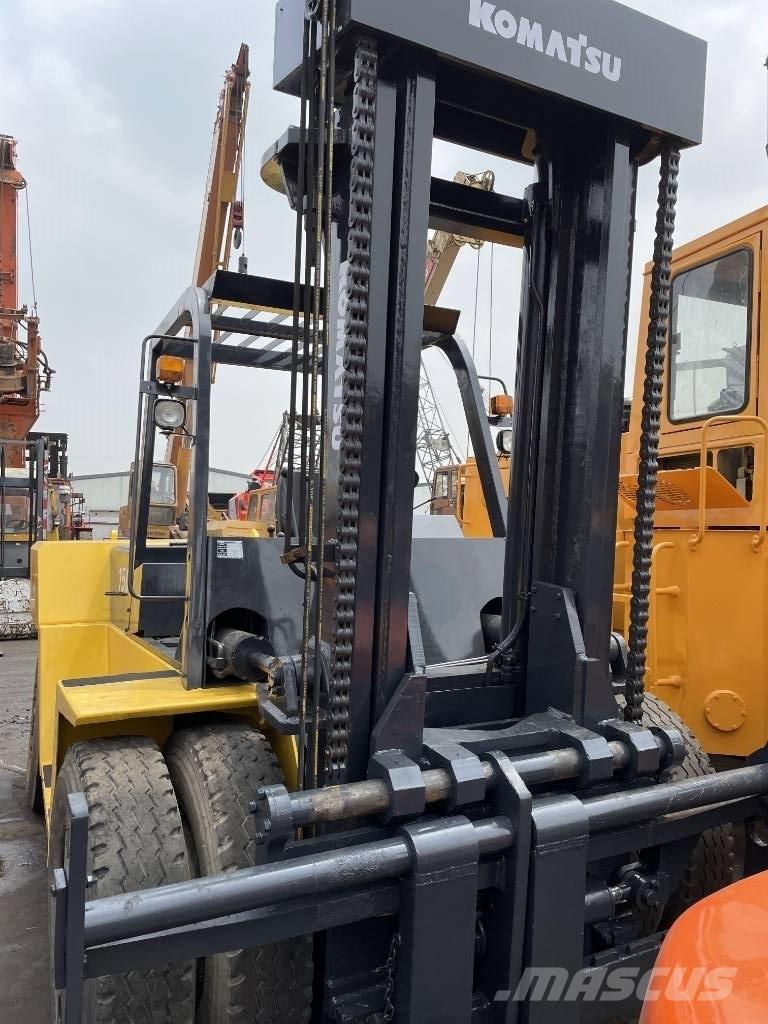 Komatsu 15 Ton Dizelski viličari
○ ○ ○
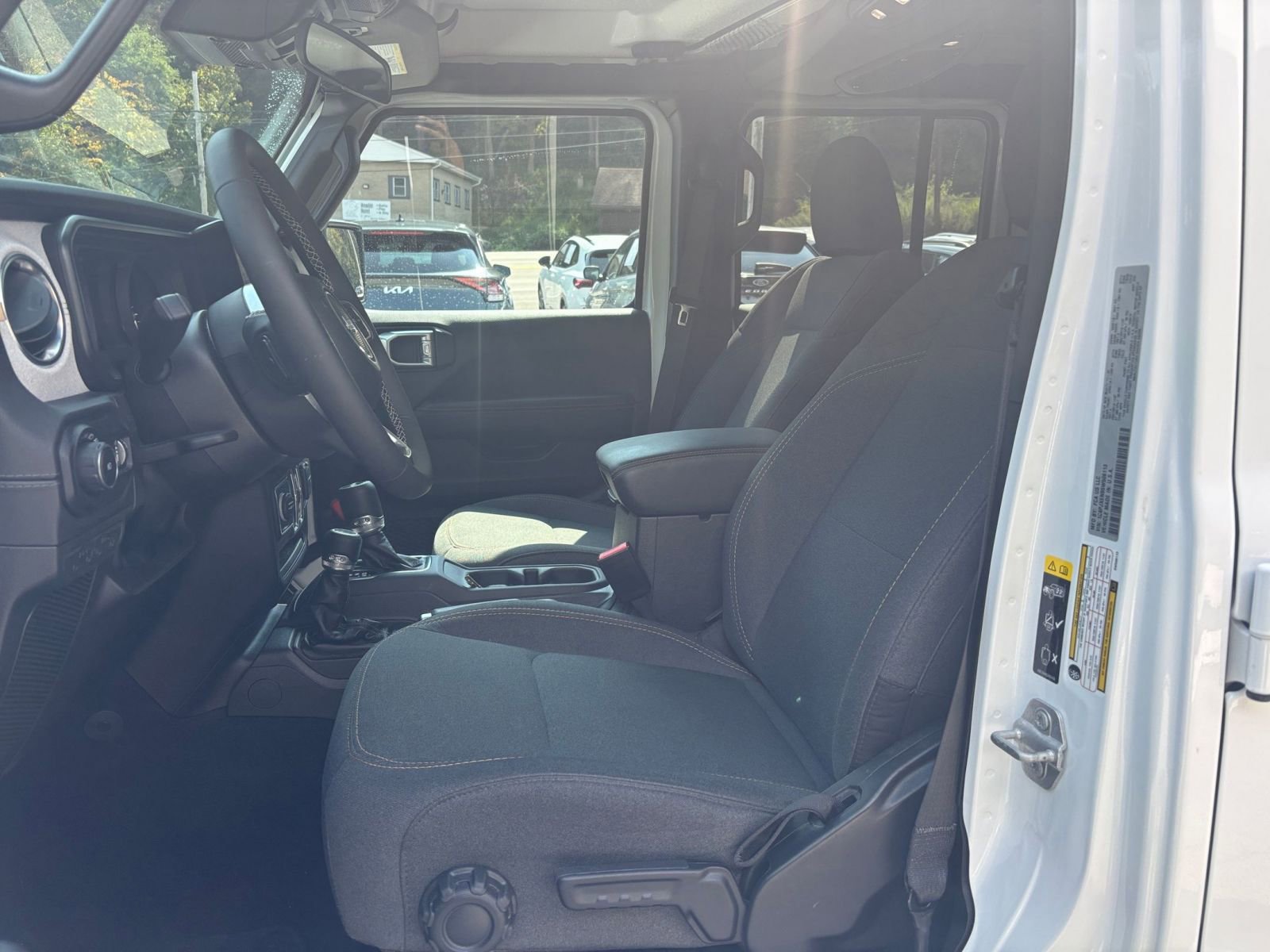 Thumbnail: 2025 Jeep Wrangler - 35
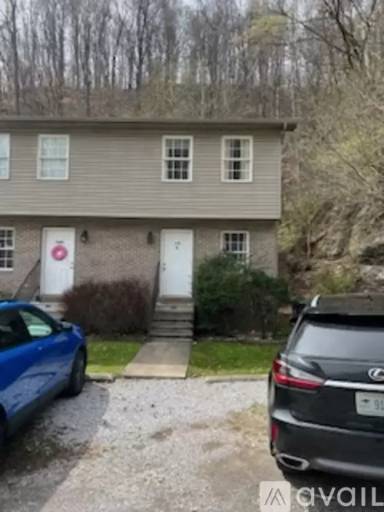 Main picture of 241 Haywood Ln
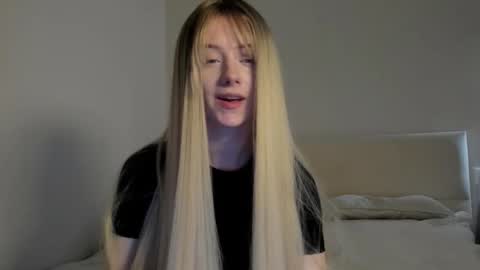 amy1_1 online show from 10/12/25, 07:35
○ ○ ○
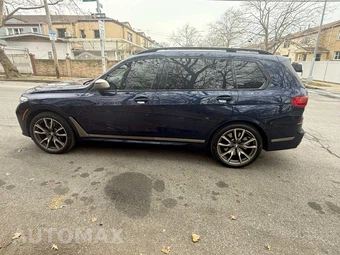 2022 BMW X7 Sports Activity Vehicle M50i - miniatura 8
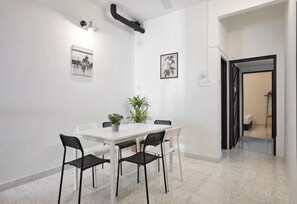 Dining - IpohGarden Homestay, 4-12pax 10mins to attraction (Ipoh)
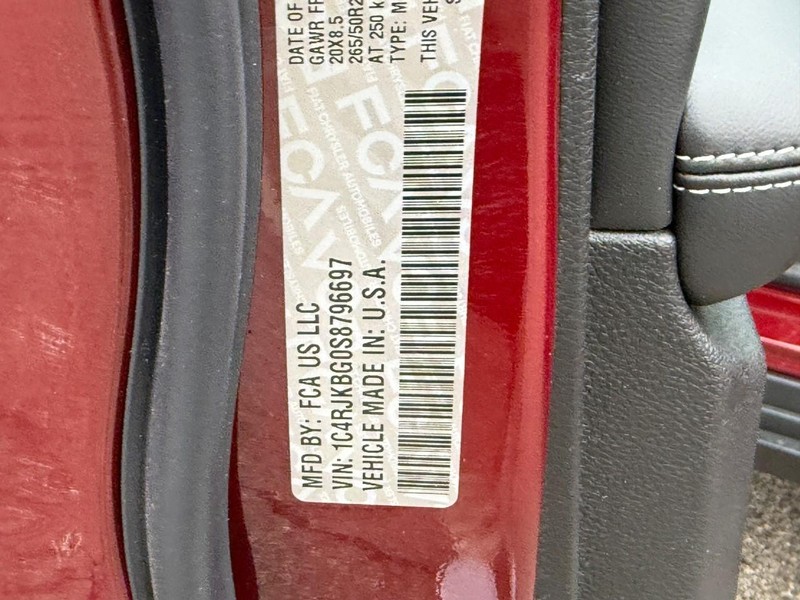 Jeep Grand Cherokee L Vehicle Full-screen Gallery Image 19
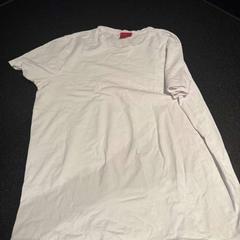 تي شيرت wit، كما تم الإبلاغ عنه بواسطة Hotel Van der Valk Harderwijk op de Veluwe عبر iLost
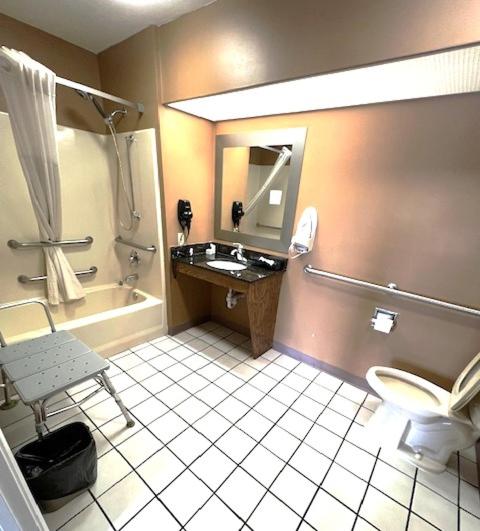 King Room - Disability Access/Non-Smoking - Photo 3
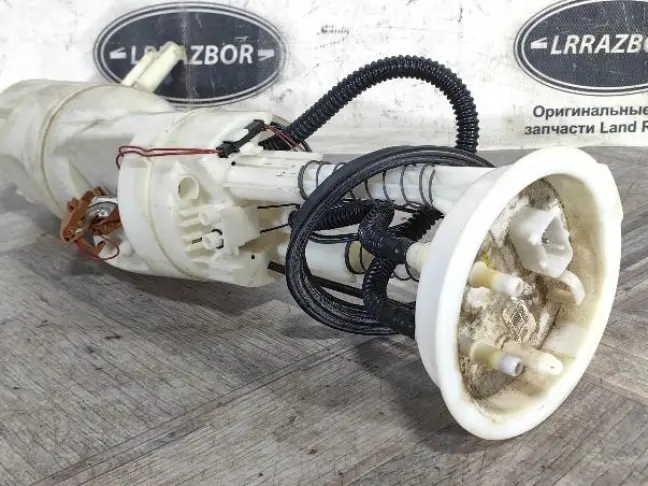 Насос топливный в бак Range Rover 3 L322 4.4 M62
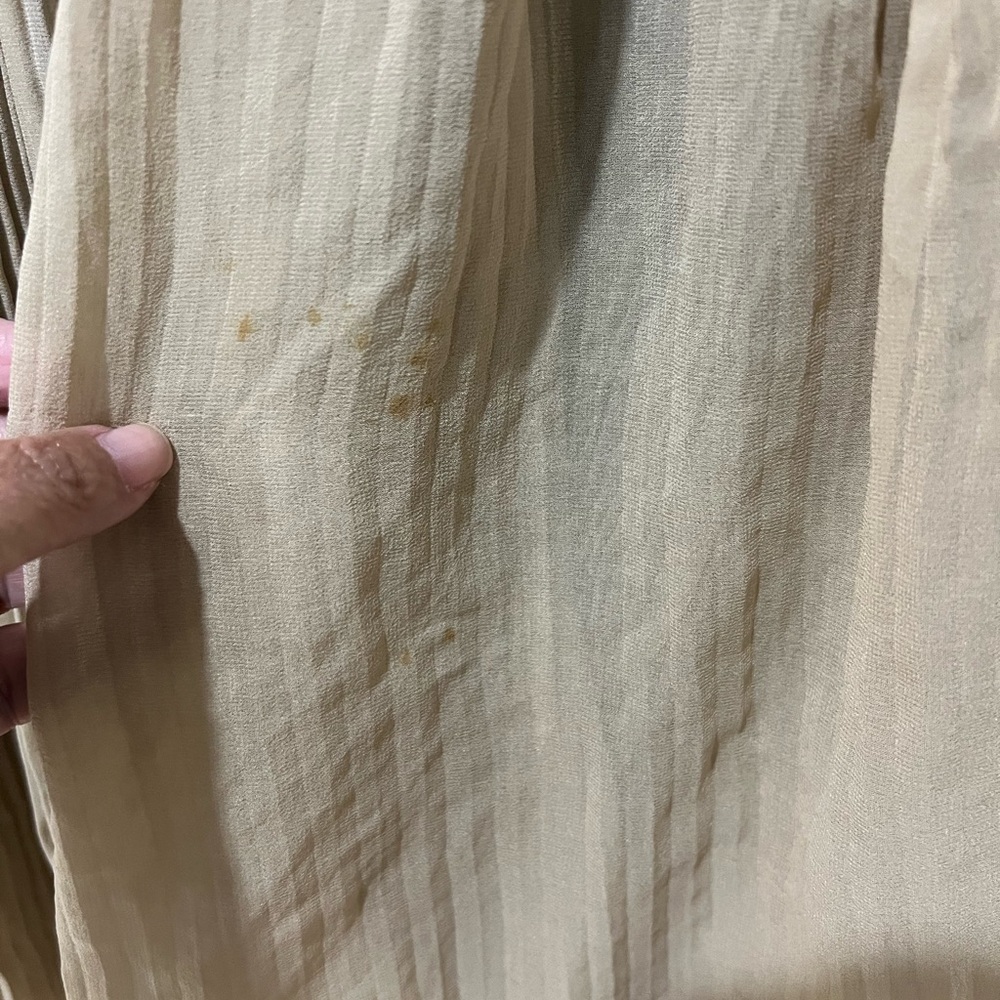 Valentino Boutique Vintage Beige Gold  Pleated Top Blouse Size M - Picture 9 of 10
○ ○ ○
About this exercise:
From the data above, return only the lines starting at the line that holds "Main picture of 241 Haywood Ln" and ending at the line that holds "amy1_1 online show from 10/12/25, 07:35", word for word and without pictures.

Response to the task:
 Main picture of 241 Haywood Ln
 amy1_1 online show from 10/12/25, 07:35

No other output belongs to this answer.